§ WORK REQUEST:
Line by line, return the listing exactly, without any of the images.

§ DATA EXTRACT:
---
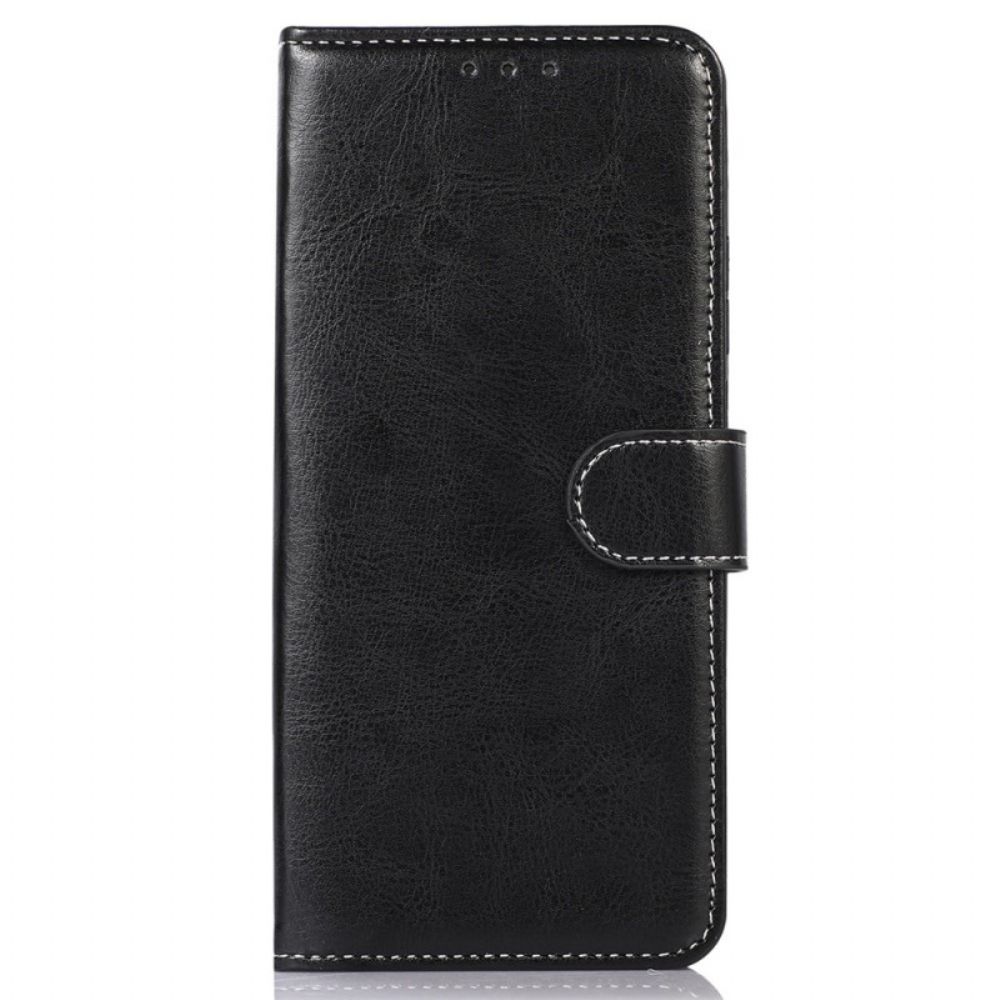 Flip Case Für Xiaomi Redmi 10C Naht Lederoptik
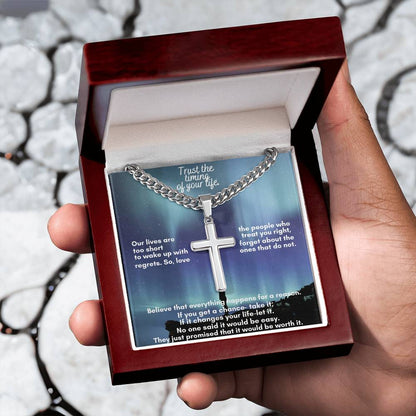 Personalized Cuban Chain Necklace with Artisan Cross – A Meaningful Gift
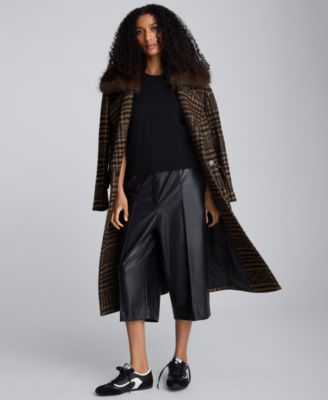 Women’s Faux Leather High Rise Pintuck Culotte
---
§ EXERCISE SOLUTION:
 Flip Case Für Xiaomi Redmi 10C Naht Lederoptik
 Personalized Cuban Chain Necklace with Artisan Cross – A Meaningful Gift
 Women’s Faux Leather High Rise Pintuck Culotte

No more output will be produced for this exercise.